[Web page caption snippets]
--

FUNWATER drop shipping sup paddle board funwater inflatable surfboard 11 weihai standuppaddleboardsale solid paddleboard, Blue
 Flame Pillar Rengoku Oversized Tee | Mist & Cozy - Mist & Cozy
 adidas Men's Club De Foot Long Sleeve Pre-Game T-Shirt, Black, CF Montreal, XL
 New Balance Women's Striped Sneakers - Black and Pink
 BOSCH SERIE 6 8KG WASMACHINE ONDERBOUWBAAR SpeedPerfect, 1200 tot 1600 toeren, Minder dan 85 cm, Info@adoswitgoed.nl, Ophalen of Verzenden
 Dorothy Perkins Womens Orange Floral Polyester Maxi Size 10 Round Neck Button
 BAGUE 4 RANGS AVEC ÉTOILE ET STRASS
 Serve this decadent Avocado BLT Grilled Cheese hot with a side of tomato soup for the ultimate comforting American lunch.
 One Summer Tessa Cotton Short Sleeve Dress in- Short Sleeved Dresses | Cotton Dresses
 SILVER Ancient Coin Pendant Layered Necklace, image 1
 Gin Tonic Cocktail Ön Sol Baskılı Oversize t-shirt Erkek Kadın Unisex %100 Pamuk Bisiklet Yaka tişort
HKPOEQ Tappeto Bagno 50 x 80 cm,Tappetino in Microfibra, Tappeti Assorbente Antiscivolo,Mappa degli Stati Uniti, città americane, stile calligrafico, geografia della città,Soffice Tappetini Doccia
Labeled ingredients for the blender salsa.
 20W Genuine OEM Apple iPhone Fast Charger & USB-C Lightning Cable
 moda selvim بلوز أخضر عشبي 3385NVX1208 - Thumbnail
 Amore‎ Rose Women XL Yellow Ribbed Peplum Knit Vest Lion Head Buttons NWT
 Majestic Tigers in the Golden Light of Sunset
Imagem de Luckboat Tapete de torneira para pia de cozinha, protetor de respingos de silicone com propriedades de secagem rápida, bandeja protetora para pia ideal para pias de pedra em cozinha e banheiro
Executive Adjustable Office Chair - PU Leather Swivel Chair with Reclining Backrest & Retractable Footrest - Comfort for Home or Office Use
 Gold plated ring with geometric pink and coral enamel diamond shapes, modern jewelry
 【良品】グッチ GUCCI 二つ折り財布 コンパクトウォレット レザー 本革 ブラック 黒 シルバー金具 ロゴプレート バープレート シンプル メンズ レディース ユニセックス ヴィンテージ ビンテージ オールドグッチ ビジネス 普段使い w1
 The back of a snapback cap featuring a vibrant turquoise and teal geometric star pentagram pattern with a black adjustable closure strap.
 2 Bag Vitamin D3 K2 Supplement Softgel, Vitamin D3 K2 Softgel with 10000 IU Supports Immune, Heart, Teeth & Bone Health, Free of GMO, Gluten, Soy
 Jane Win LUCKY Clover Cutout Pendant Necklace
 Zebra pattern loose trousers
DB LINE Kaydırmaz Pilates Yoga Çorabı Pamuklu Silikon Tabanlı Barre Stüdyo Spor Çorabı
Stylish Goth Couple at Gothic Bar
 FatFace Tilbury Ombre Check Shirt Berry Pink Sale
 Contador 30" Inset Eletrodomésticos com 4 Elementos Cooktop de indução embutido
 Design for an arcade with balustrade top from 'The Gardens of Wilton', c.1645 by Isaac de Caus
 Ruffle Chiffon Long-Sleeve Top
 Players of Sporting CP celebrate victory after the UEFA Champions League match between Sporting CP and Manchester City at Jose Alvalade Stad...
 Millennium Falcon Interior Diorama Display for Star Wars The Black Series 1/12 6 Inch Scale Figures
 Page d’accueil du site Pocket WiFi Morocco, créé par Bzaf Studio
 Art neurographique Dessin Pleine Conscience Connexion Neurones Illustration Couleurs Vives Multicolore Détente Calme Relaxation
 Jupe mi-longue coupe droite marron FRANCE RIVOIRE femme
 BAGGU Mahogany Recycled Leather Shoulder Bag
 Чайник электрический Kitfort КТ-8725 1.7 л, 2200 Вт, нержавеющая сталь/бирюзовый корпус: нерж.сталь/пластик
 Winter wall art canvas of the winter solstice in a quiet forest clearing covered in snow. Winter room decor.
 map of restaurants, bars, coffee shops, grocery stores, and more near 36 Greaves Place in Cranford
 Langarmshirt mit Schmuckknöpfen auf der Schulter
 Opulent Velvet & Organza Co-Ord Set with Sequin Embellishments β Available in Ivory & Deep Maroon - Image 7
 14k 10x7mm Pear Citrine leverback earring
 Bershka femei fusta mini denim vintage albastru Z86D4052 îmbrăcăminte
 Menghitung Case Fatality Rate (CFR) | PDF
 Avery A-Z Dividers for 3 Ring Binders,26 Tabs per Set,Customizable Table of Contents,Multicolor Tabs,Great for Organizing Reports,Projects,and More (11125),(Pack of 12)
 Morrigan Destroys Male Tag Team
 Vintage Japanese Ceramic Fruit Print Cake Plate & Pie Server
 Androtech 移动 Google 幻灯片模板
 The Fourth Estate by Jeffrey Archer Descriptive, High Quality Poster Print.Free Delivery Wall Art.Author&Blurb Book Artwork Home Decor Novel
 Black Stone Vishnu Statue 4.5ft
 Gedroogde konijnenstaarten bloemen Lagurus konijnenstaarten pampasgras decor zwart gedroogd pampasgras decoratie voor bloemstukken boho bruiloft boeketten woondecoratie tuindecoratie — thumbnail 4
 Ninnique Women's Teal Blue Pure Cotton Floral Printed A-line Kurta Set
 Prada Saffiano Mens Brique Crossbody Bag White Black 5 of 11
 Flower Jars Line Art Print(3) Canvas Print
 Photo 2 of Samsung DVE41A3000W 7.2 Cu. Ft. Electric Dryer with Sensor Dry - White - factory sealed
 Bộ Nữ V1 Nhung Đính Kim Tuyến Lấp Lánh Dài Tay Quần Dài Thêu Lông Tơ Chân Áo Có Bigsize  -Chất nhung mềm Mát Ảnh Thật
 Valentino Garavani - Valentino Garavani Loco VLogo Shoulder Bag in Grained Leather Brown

--

Assignment:
Which lines in the records contain the word "Necklace"? Copy each one.

Answer:
 SILVER Ancient Coin Pendant Layered Necklace, image 1
 Jane Win LUCKY Clover Cutout Pendant Necklace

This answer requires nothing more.